▶ [Crawled caption data]:

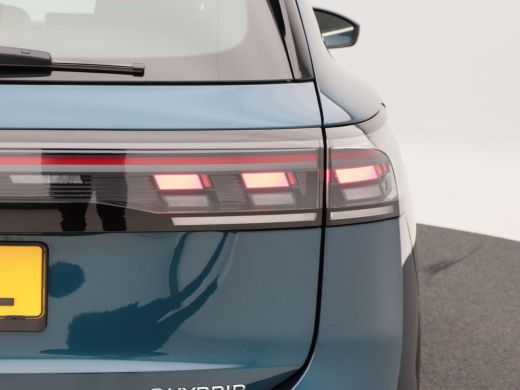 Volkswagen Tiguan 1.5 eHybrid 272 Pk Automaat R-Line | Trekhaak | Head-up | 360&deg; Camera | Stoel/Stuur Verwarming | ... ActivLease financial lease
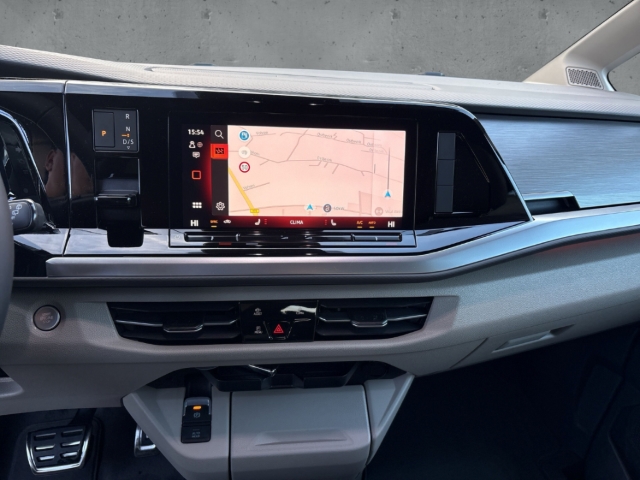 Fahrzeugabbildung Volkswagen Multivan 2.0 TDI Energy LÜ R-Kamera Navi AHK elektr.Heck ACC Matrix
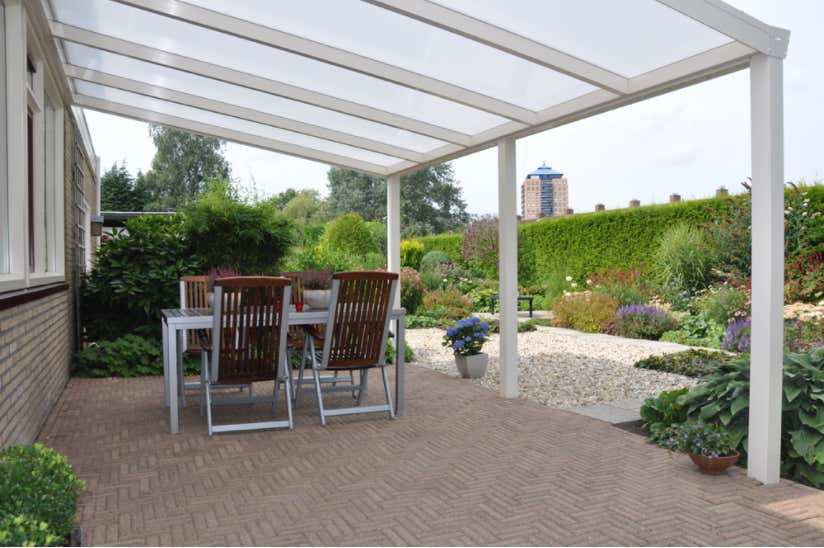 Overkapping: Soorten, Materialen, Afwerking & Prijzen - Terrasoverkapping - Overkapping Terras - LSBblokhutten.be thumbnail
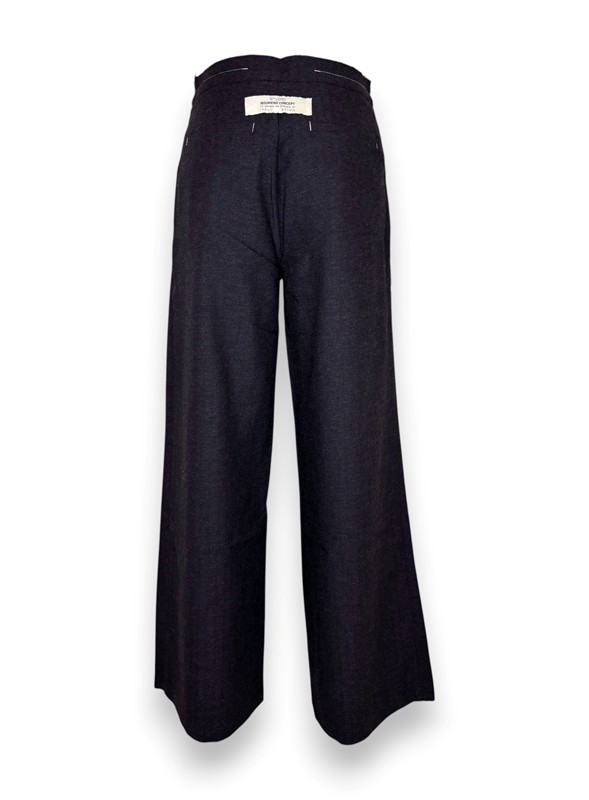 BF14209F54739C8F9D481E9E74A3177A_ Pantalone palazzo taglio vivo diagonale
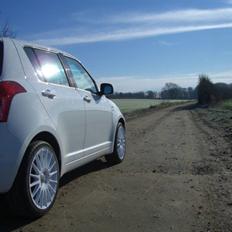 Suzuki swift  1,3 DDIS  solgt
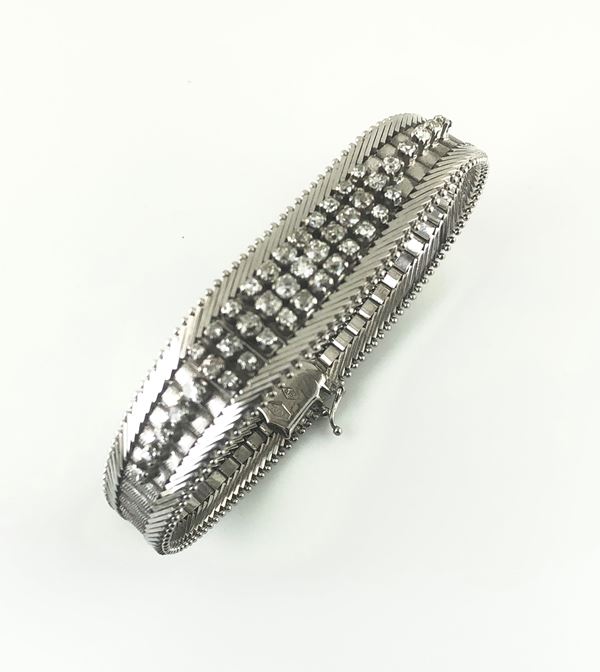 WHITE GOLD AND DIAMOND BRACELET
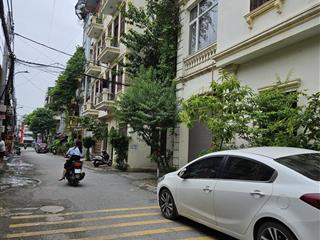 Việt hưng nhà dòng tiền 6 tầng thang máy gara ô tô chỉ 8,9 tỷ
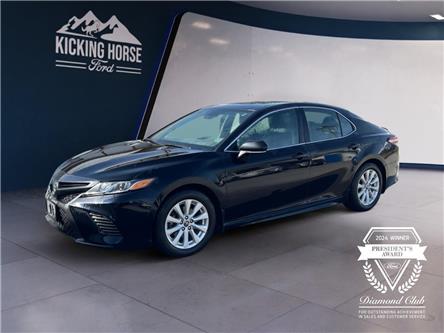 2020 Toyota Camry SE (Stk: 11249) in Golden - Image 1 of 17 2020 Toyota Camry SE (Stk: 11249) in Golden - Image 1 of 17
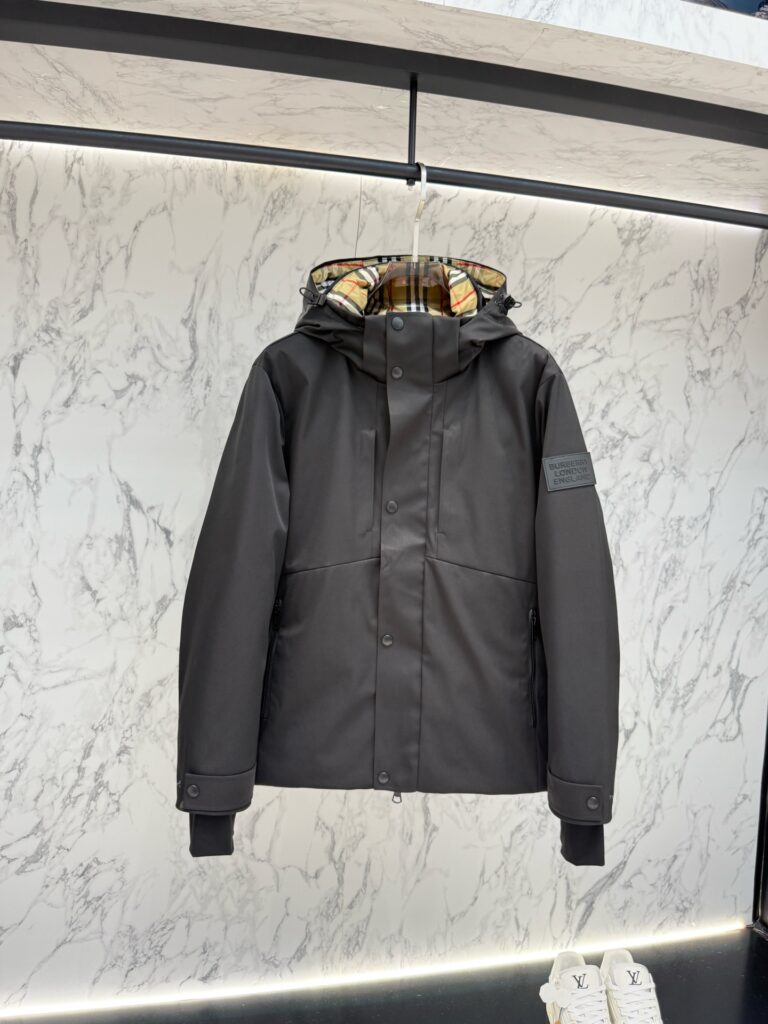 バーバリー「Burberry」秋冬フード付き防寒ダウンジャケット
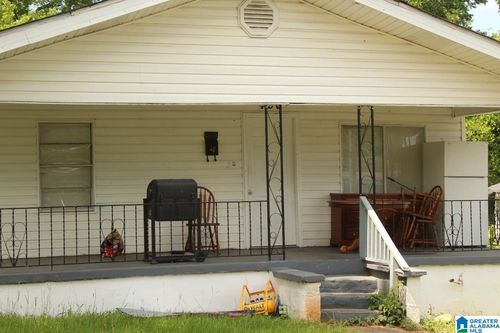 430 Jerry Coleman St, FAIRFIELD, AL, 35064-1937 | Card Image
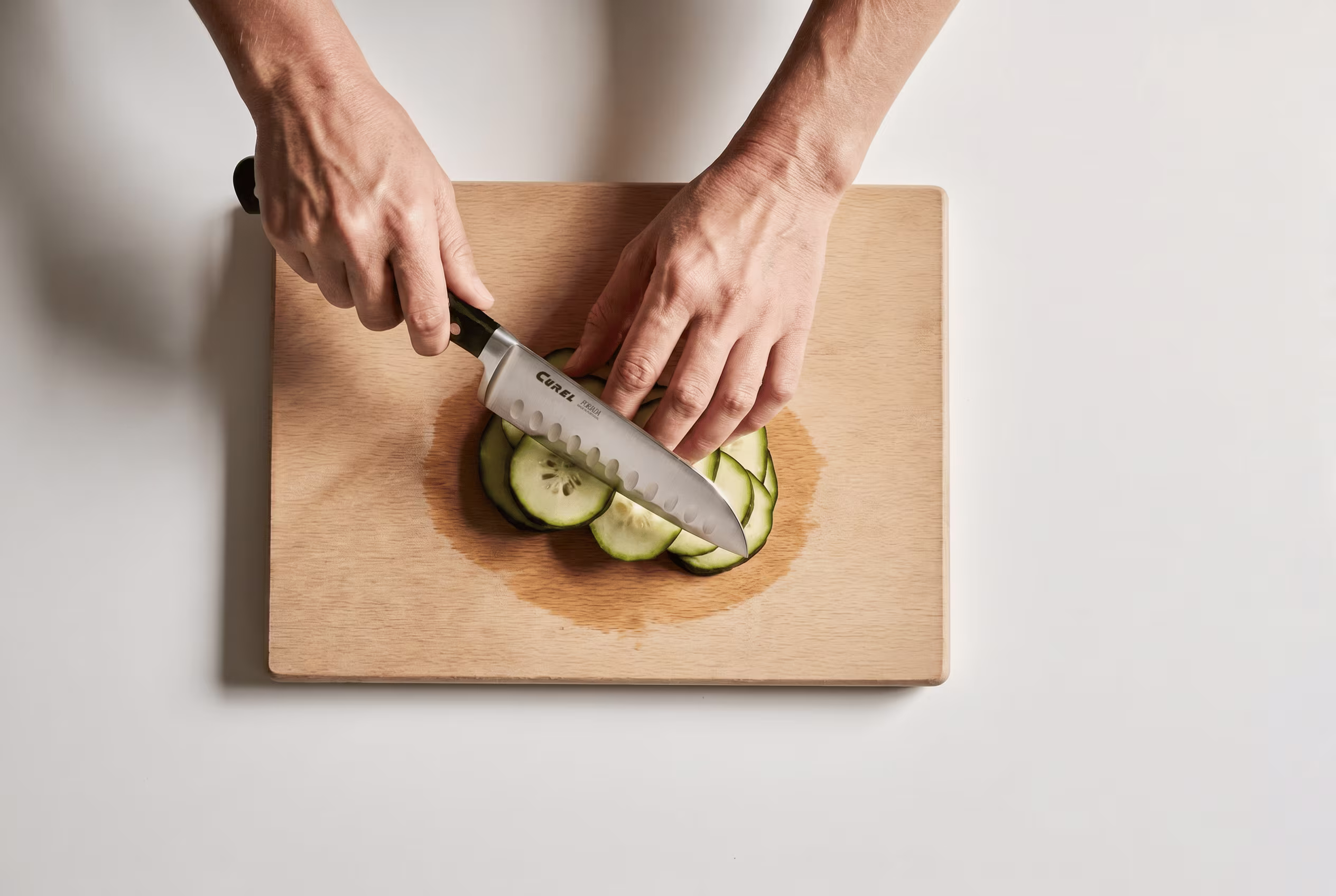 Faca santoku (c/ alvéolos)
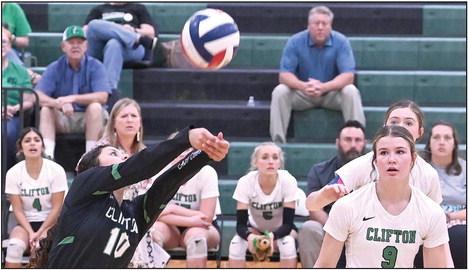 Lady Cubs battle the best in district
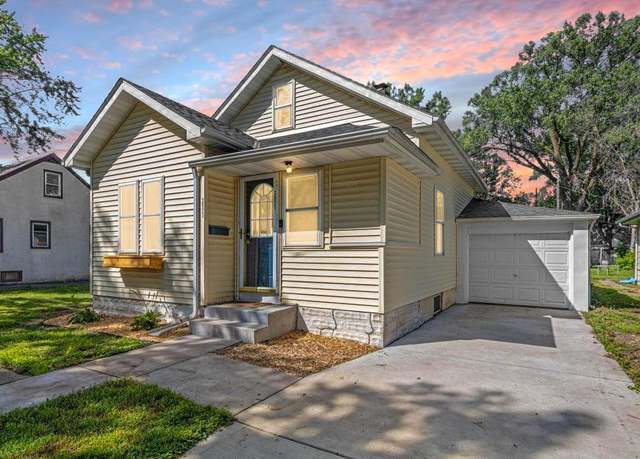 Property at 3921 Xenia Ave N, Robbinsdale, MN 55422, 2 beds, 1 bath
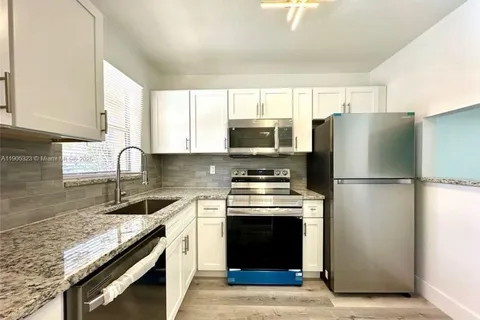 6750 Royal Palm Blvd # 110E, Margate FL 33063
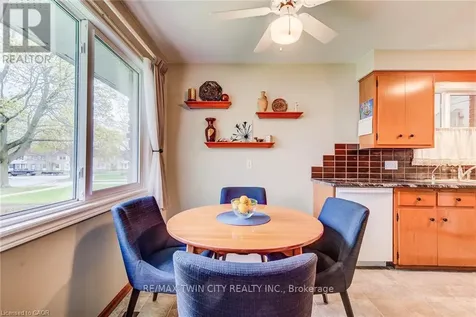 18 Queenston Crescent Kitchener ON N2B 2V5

▶ [Exercise brief]:
Repeat only what lies between the start of the data and the end of the line containing "Property at 3921", exactly, with pictures left out.

▶ [Exercise solution]:
 Volkswagen Tiguan 1.5 eHybrid 272 Pk Automaat R-Line | Trekhaak | Head-up | 360&deg; Camera | Stoel/Stuur Verwarming | ... ActivLease financial lease
 Fahrzeugabbildung Volkswagen Multivan 2.0 TDI Energy LÜ R-Kamera Navi AHK elektr.Heck ACC Matrix
 Overkapping: Soorten, Materialen, Afwerking & Prijzen - Terrasoverkapping - Overkapping Terras - LSBblokhutten.be thumbnail
 BF14209F54739C8F9D481E9E74A3177A_ Pantalone palazzo taglio vivo diagonale
 Suzuki swift  1,3 DDIS  solgt
 WHITE GOLD AND DIAMOND BRACELET
 Việt hưng nhà dòng tiền 6 tầng thang máy gara ô tô chỉ 8,9 tỷ
 2020 Toyota Camry SE (Stk: 11249) in Golden - Image 1 of 17 2020 Toyota Camry SE (Stk: 11249) in Golden - Image 1 of 17
 バーバリー「Burberry」秋冬フード付き防寒ダウンジャケット
 430 Jerry Coleman St, FAIRFIELD, AL, 35064-1937 | Card Image
 Faca santoku (c/ alvéolos)
 Lady Cubs battle the best in district
 Property at 3921 Xenia Ave N, Robbinsdale, MN 55422, 2 beds, 1 bath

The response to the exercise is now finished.